What you want to use it for is "schedule the right process". But you don't even know what the right process is, or if you do you don't tell the system (because sched_yield() literally doesn't have that interface), so the kernel has to guess.
In some cases, "sched_yield()" is basically used by processes that say "I'm CPU-intensive, but I'm not important for latency, and I don't want to cause problems for others". You'll find various random GUI programs doing that because they are threaded, and one thread does things like update the screen, while another thread does calculations. The calculation loop (which is still important, just not latency-critical) might have "sched_yield() in it as a cheap way of saying "maybe there's a more important UI event going on".
In other cases, it's a performance optimization, where somebody says "I have done my part of the work and written it out, now I'm yielding because there's another user that is likely to want to use it, and that other user is actually the more heavy CPU hog and should run before I start generating more data for it".
And in others, it's because they are actually using real-time scheduling - perhaps on dedicated CPU doing the true Hard real-time kinds of things - and depend on the FIFO definition within their priority group.
That's the defined usage, but even that is really defined only in the traditional UP sense of "there is one process running at a time, and we have one single queue of them".
End result: sched_yield() is basically historical garbage. It's often literally wrong even for the defined usage because times have moved on from that whole "we run one thing at a time" long long ago.
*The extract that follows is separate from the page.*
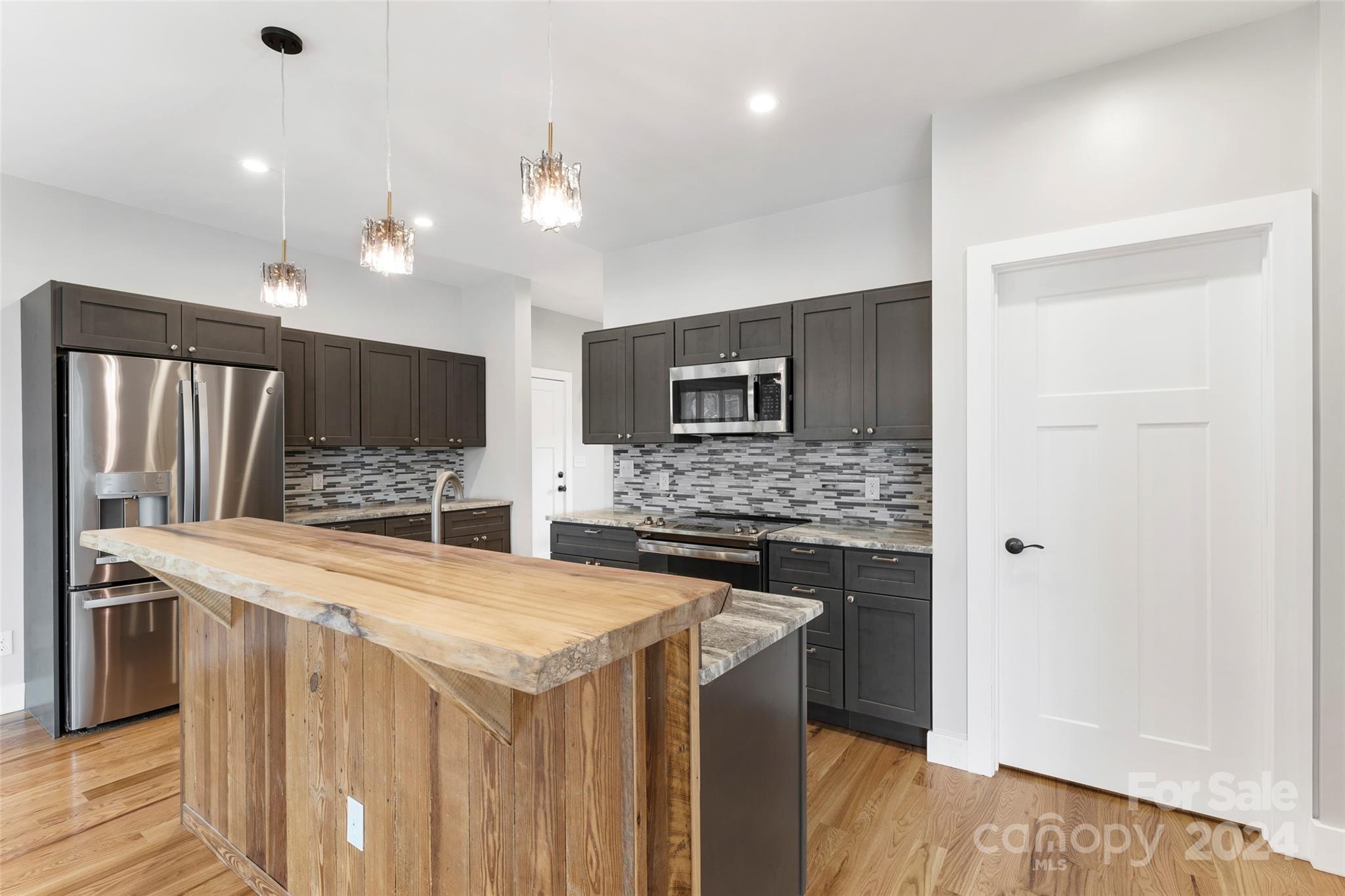 533 Fisher Road Brevard, NC 28712 - Photo 17 of 34 Gallery Image 17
If your RT system actually has multiple concurrent threads (as opposed to being limited to a dedicated CPU) it's not really all that well-defined even there. But at least there you can still pretend it is.
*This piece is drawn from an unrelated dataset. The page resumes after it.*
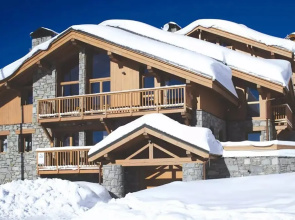 Chalet Perdrix by Skinetworks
Good locking simply needs to be more directed than what "sched_yield()" can ever give you outside of a UP system without caches. It needs to actively tell the system what you're yielding to (and optimally it would also tell the system about whether you care about fairness/latency or not - a lot of loads don't).
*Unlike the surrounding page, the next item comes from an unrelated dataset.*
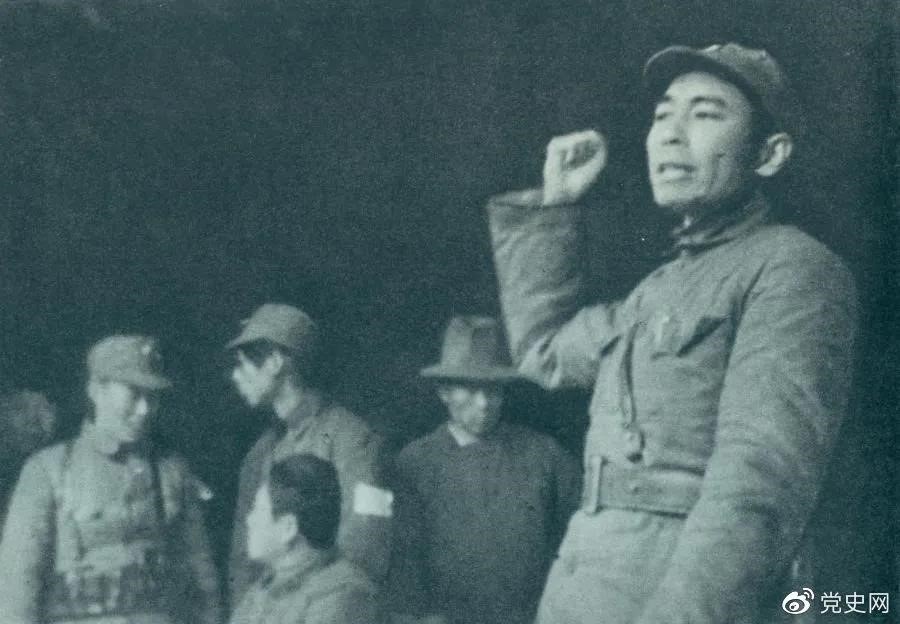 1939年2月23日，周恩來到皖南新四軍軍部，傳達(dá)中央關(guān)于新四軍向北向敵后發(fā)展的方針。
But that's not "sched_yield()" - that's something different. It's generally something like std::mutex, pthread_mutex_lock(), or perhaps a tuned thing that uses an OS-specific facility like "futex", where you do the nonblocking (and non-contended) case in user space using a shared memory location, but when you get contention you tell the OS what you're waiting for (and what you're waking up).
The really unfortunate thing about spinlocks, and the reason they're pretty much entirely avoided in userspace on Darwin-based OSs, is the combination of spinning and lacking priority inversion avoidance support. This means that if several high priority threads are waiting on the lock, they may keep a low priority thread from being scheduled to release the very lock that they're waiting for, since from the scheduler's point of view they're extremely busy doing higher priority work.
Luckily, in my experience at least, very few userspace spinlock users actually cared specifically about spinning under contention; they just wanted either fast uncontended locking, unfair locking, or both. Newer locks like OSAllocatedUnfairLock provide both of those properties without the downsides.
It's not just Darwin-based OS's, Linus Torvald's has an even more incendiary rant about spin-locks, and says, essentially, that they should never be done in user-space, period, end-of-story. He's obviously speaking about Linux here, but I think his arguments apply to most (if not all) OSs.
Thanks for the review feedback, everyone! The language steering group has decided to return this proposal for revision based on some of the topics raised in this review thread.